WKLQ
- Holland, Michigan; United States;
- Broadcast area: Grand Rapids, Michigan
- Frequency: 94.5 MHz
- Branding: The Q 94.5

Programming
- Format: Adult album alternative

Ownership
- Owner: Cumulus Media; (Radio License Holding CBC, LLC);
- Sister stations: WTNR; WHTS; WJRW; WLAV-FM;

History
- First air date: 1961 (as WJBL-FM)
- Former call signs: WFMK (1960); WJBL-FM (1960–1984); WKLQ (1984–2004); WTNR (2004–2019);

Technical information
- Licensing authority: FCC
- Facility ID: 41678
- Class: B
- ERP: 50,000 watts
- HAAT: 152 meters (499 ft)

Links
- Public license information: Public file; LMS;
- Webcast: Listen live
- Website: thisisqmusic.com

= WKLQ (FM) =

WKLQ (94.5 MHz, "The Q 94.5") is an FM radio station licensed to Holland, Michigan. Owned by Cumulus Media, the station broadcasts an adult album alternative format serving the Grand Rapids market.

==History==
The WKLQ call sign was first associated with 94.5 FM, launching at 1:14 a.m. on March 1, 1984, with a Top 40/CHR format and went under the branding "KLQ". The station would eventually become the dominant CHR station throughout much of the 1980s, despite facing competition against WGRD. In 1990, KLQ dropped its CHR format and flipped to an active rock format, leaving WGRD the only CHR station remaining for a time. In 1996, the station added Howard Stern to the morning lineup. By 1999, the station had tweaked into alternative and became known as The Rock@94.5 KLQ. After a few years of struggling with the rock format, the station flipped to WTNR and country on October 11, 2004, as 94.5 The New Thunder Country, later branded as Thunder 94-5.

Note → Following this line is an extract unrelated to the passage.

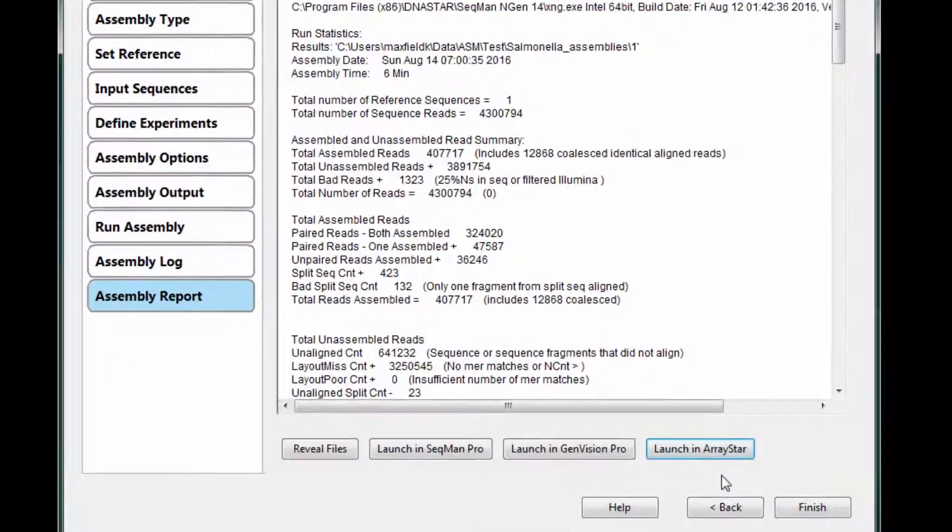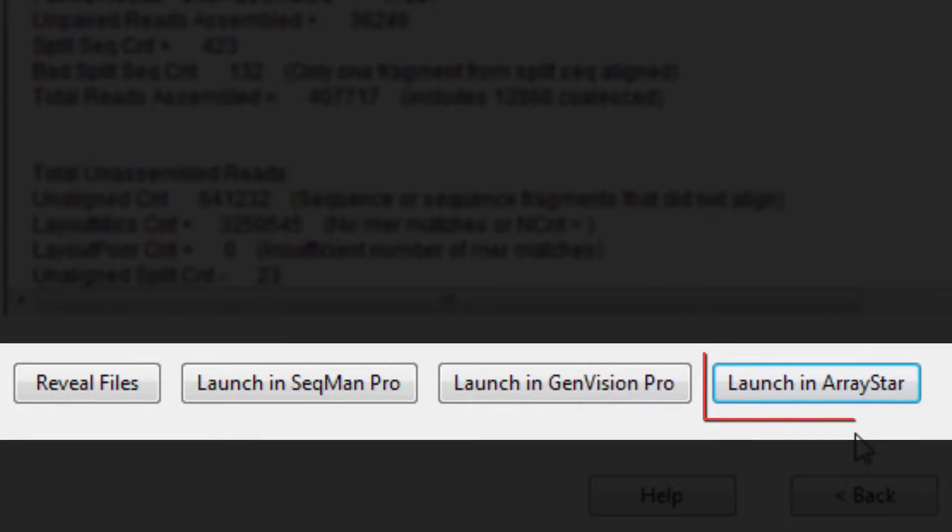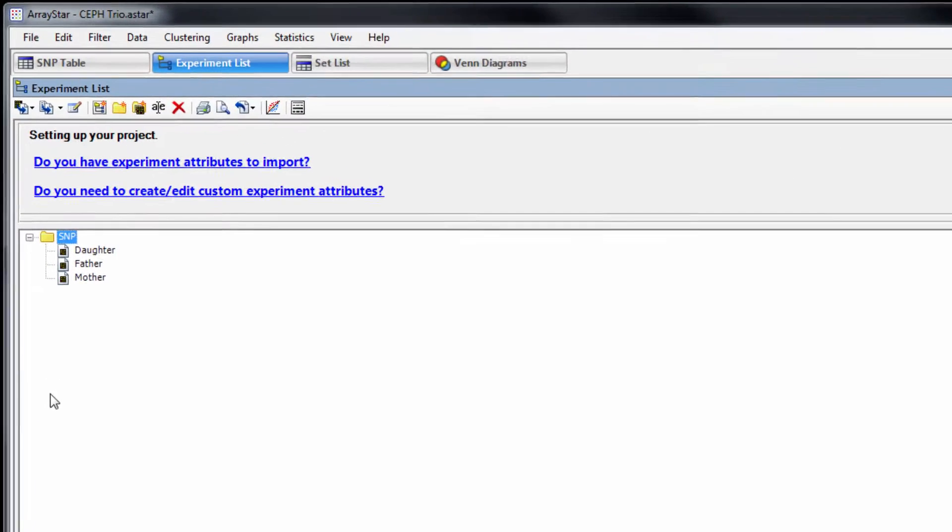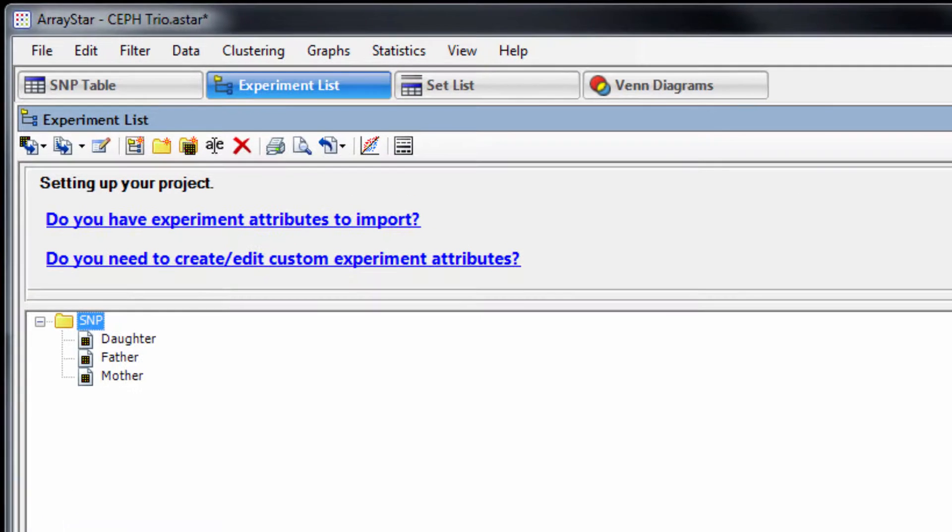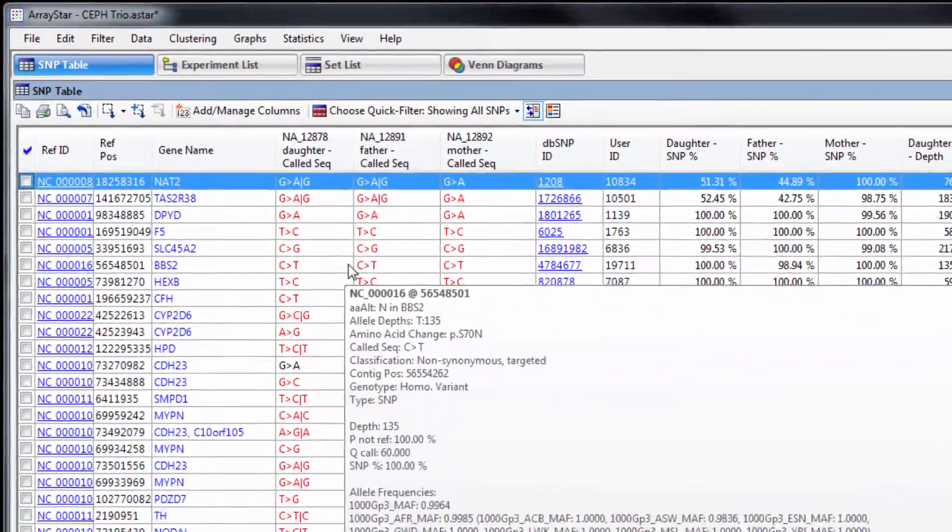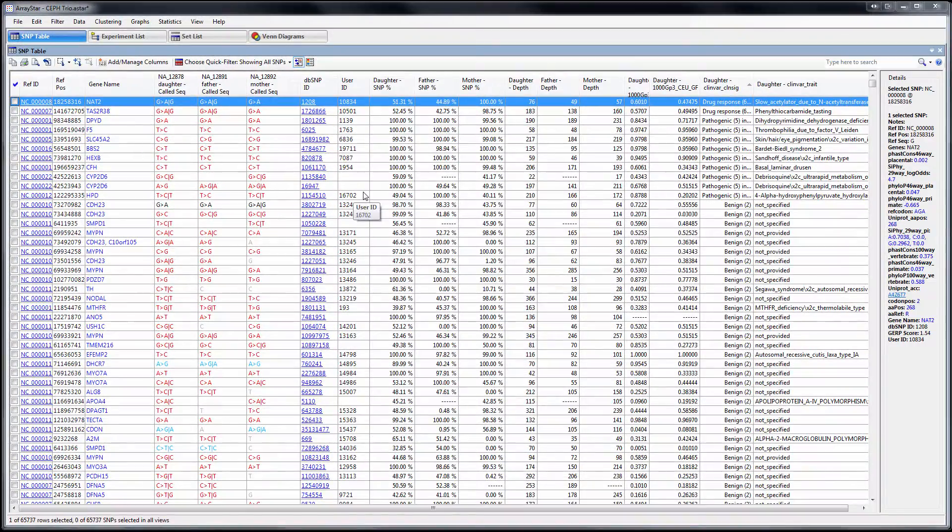Once the assembly is complete, launch the results in ArrayStar to begin variant analysis. Within ArrayStar, each assembly is listed as a separate experiment. If we open up the SNP table, we can now see all variants detected during assembly.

On October 27, 2011, WTNR completely revamped the station's playlist by adding gold tracks not previously played on the station. These included songs by artists from the 1990s and early 2000s like Garth Brooks, Shania Twain, Brooks & Dunn, Alan Jackson among others.

On February 3, 2014, the station rebranded under Cumulus Media's Nash FM brand.

On January 4, 2019, WTNR returned to the Thunder branding, and added a simulcast on 107.3 WBBL-FM to replace its sports talk format, with both stations branding as Thunder 94.5 & 107.3.

The simulcast would be short-lived; on January 19, 2019, WTNR dropped Thunder and flipped to adult album alternative as The Q 94.5. The WKLQ calls (warehoused by a co-owned AM talk radio operation in Whitehall, Michigan) were reinstated on February 6, 2019, to match the new branding.